**What the task asks:** Retype word for word the lines of the data below, from the first to the one bearing "A hotel room", with that one included.

** Opening Records provided block **

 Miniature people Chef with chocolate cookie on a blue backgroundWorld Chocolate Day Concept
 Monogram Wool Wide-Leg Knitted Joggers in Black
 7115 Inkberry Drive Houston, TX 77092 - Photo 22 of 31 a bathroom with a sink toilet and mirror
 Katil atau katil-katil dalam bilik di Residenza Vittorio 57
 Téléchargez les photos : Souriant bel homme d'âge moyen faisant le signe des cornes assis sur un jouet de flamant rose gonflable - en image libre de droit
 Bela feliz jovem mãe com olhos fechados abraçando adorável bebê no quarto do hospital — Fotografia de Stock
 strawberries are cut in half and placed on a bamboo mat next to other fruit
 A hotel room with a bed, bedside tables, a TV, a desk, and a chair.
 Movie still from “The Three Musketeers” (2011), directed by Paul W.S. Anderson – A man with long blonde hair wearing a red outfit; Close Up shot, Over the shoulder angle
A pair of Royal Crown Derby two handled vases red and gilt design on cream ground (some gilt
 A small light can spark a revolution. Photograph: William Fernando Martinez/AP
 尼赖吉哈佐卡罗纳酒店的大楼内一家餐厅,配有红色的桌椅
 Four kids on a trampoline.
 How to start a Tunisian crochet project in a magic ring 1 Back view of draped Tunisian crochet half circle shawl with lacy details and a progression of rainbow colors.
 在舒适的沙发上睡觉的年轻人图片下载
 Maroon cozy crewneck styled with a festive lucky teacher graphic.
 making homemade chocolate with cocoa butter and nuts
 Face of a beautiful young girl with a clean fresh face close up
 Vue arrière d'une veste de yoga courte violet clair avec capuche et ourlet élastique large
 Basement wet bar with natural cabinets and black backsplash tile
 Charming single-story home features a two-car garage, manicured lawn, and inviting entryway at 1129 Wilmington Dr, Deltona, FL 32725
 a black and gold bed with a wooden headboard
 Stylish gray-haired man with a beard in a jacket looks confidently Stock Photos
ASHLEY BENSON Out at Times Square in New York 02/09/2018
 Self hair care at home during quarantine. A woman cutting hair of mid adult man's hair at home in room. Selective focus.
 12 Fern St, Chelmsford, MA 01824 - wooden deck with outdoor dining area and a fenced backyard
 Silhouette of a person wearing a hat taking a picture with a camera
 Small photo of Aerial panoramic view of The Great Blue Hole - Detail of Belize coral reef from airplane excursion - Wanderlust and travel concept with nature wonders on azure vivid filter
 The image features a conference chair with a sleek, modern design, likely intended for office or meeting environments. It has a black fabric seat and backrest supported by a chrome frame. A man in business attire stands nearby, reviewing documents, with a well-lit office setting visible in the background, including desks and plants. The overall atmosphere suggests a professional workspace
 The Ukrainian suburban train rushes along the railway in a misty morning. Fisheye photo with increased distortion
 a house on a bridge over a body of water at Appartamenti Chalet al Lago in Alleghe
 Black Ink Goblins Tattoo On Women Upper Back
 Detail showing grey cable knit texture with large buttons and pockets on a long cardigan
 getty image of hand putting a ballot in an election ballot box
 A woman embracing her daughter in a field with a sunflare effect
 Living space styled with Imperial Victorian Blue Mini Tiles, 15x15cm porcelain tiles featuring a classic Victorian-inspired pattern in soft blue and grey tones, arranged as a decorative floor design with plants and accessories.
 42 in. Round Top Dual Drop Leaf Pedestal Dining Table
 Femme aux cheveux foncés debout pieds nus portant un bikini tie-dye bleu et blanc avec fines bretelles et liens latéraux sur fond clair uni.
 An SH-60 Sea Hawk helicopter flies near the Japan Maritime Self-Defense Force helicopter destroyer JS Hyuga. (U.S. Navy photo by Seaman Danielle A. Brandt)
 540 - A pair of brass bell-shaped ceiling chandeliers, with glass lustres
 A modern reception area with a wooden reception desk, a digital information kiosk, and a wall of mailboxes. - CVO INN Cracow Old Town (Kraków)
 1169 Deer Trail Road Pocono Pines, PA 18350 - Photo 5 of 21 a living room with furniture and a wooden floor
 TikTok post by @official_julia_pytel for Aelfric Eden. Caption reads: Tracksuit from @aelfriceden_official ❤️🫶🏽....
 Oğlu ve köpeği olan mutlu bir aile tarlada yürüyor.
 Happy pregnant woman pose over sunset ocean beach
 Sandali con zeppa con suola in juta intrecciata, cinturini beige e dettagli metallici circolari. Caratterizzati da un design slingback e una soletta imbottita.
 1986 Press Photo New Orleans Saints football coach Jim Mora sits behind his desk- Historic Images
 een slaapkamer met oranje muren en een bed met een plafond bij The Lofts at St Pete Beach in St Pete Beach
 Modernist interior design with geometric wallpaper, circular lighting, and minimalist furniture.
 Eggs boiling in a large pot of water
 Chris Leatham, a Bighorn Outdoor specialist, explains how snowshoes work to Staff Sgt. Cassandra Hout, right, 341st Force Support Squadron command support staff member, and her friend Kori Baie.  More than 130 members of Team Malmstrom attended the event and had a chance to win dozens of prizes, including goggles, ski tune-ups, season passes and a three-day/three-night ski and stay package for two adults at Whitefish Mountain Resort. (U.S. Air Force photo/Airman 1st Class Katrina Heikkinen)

** Closing Records provided block **

**Finished exercise:**
 Miniature people Chef with chocolate cookie on a blue backgroundWorld Chocolate Day Concept
 Monogram Wool Wide-Leg Knitted Joggers in Black
 7115 Inkberry Drive Houston, TX 77092 - Photo 22 of 31 a bathroom with a sink toilet and mirror
 Katil atau katil-katil dalam bilik di Residenza Vittorio 57
 Téléchargez les photos : Souriant bel homme d'âge moyen faisant le signe des cornes assis sur un jouet de flamant rose gonflable - en image libre de droit
 Bela feliz jovem mãe com olhos fechados abraçando adorável bebê no quarto do hospital — Fotografia de Stock
 strawberries are cut in half and placed on a bamboo mat next to other fruit
 A hotel room with a bed, bedside tables, a TV, a desk, and a chair.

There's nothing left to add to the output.